:: EXTRACTED MATERIAL
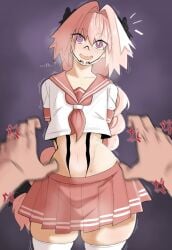 1boy astolfo_(fate) edited femboy mind_control panic pink_hair possession ryoumen_sukuna_(jujutsu_kaisen) sukuna_tattoo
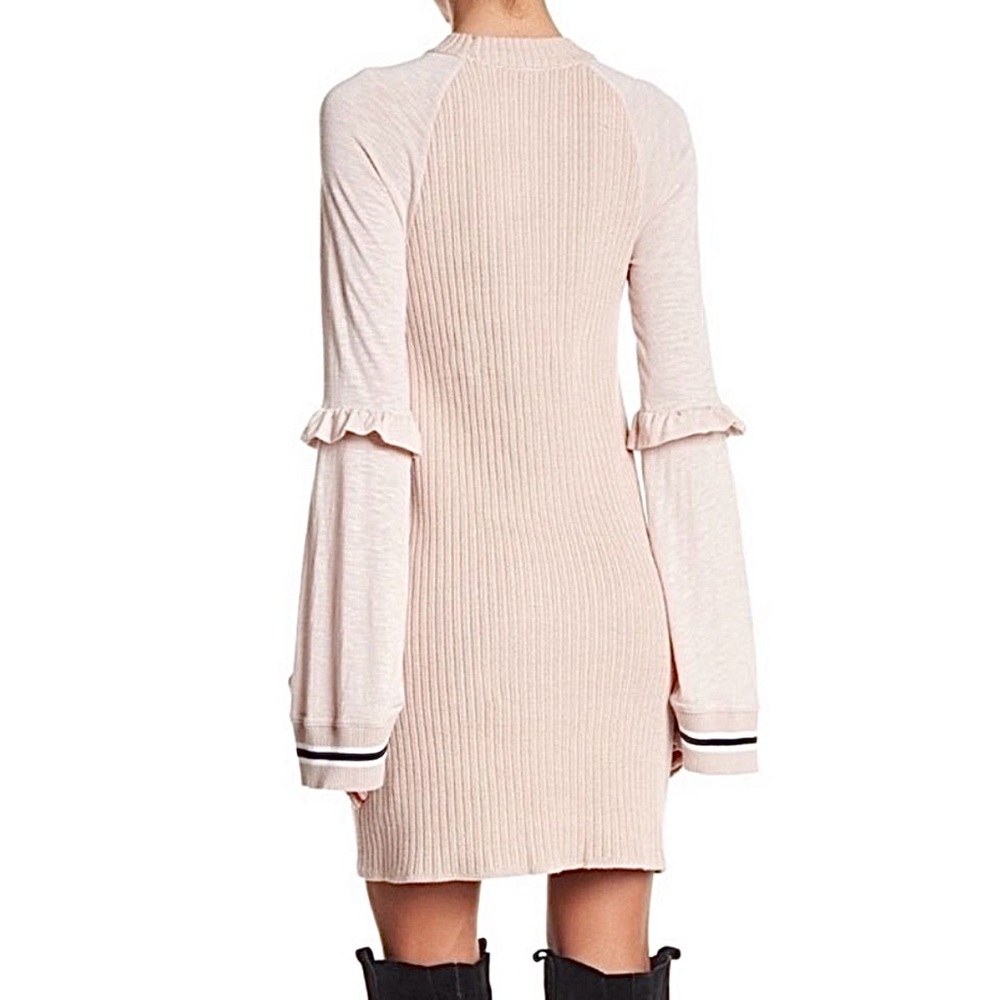 Free People Zou Bisou Ruffle Bell Sleeve Knit Sweater Dress in neutral blush M‎ - Picture 3 of 10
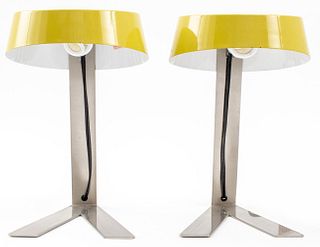 Pair of Modern Contemporary Yellow Steel Lamps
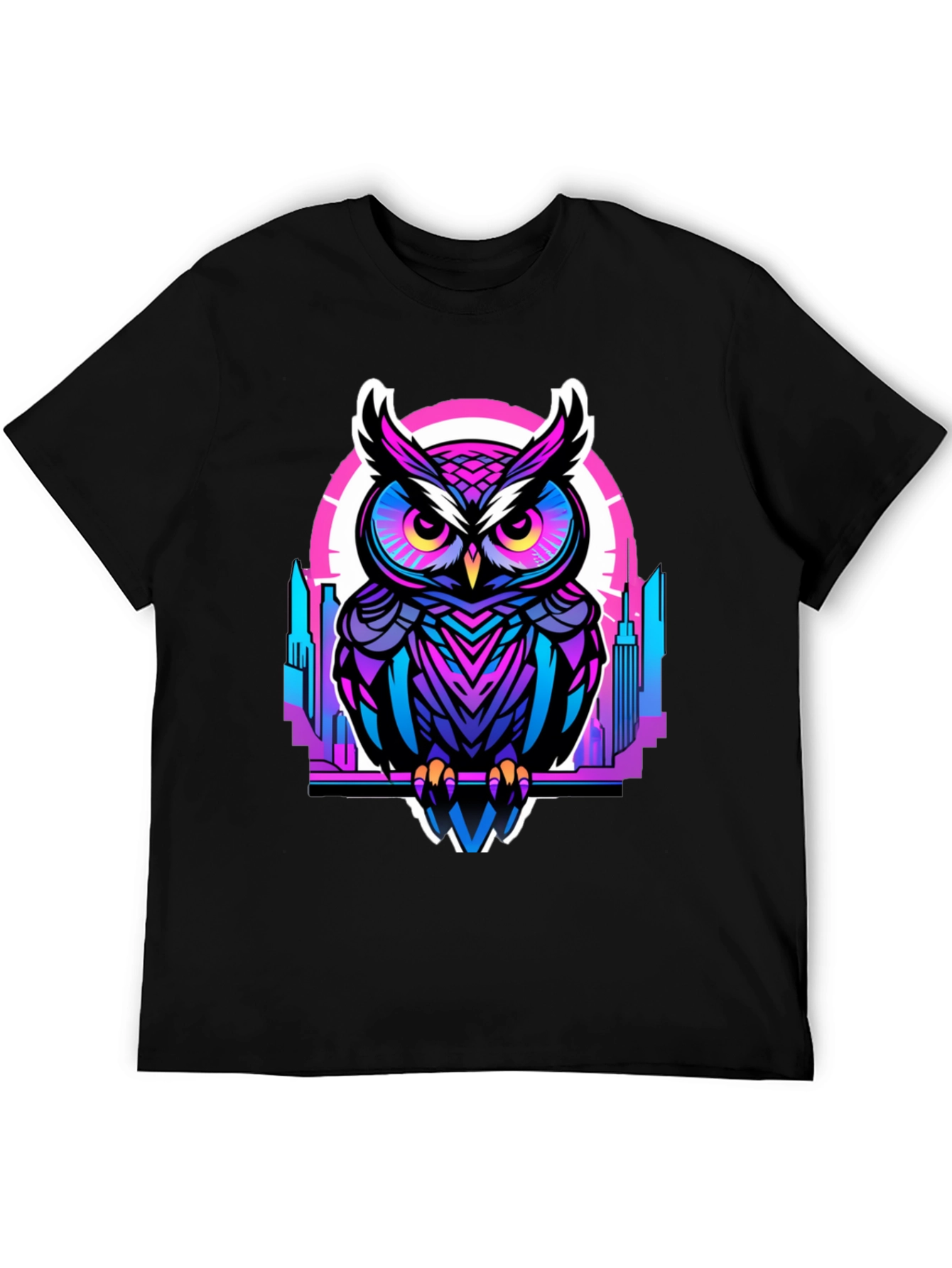Black Cyberpunk Owl Graphic Tee - Men's Black T-Shirt view 5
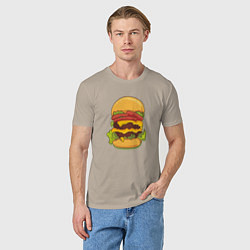 Футболка хлопковая мужская Самый вкусный гамбургер, цвет: миндальный — фото 2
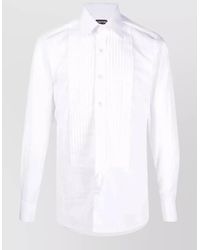 Tom Ford - Evening Shirt Point Collar Pleated Front - Lyst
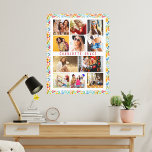 10 Photo Modern Trendy Floral Stylish Name Canvas Print<br><div class="desc">10 Photo Modern Trendy Floral Stylish Name Canvas Art features ten of your favourite pictures for an easy and quick DIY add your own photo collage. Personalize with your name and surrounded with a colourful floral pattern. Makes a perfect gift for Christmas, birthdays, Mother's Day, sisters, best friends and more....</div>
::::
◆ **WHAT TO PRODUCE**
This exercise calls for a verbatim output of the entries, pictures omitted.

◆ **SOLUTION**
 1boy astolfo_(fate) edited femboy mind_control panic pink_hair possession ryoumen_sukuna_(jujutsu_kaisen) sukuna_tattoo
 Free People Zou Bisou Ruffle Bell Sleeve Knit Sweater Dress in neutral blush M‎ - Picture 3 of 10
 Pair of Modern Contemporary Yellow Steel Lamps
Black Cyberpunk Owl Graphic Tee - Men's Black T-Shirt view 5
 Футболка хлопковая мужская Самый вкусный гамбургер, цвет: миндальный — фото 2
 Tom Ford - Evening Shirt Point Collar Pleated Front - Lyst
 10 Photo Modern Trendy Floral Stylish Name Canvas Print<br><div class="desc">10 Photo Modern Trendy Floral Stylish Name Canvas Art features ten of your favourite pictures for an easy and quick DIY add your own photo collage. Personalize with your name and surrounded with a colourful floral pattern. Makes a perfect gift for Christmas, birthdays, Mother's Day, sisters, best friends and more....</div>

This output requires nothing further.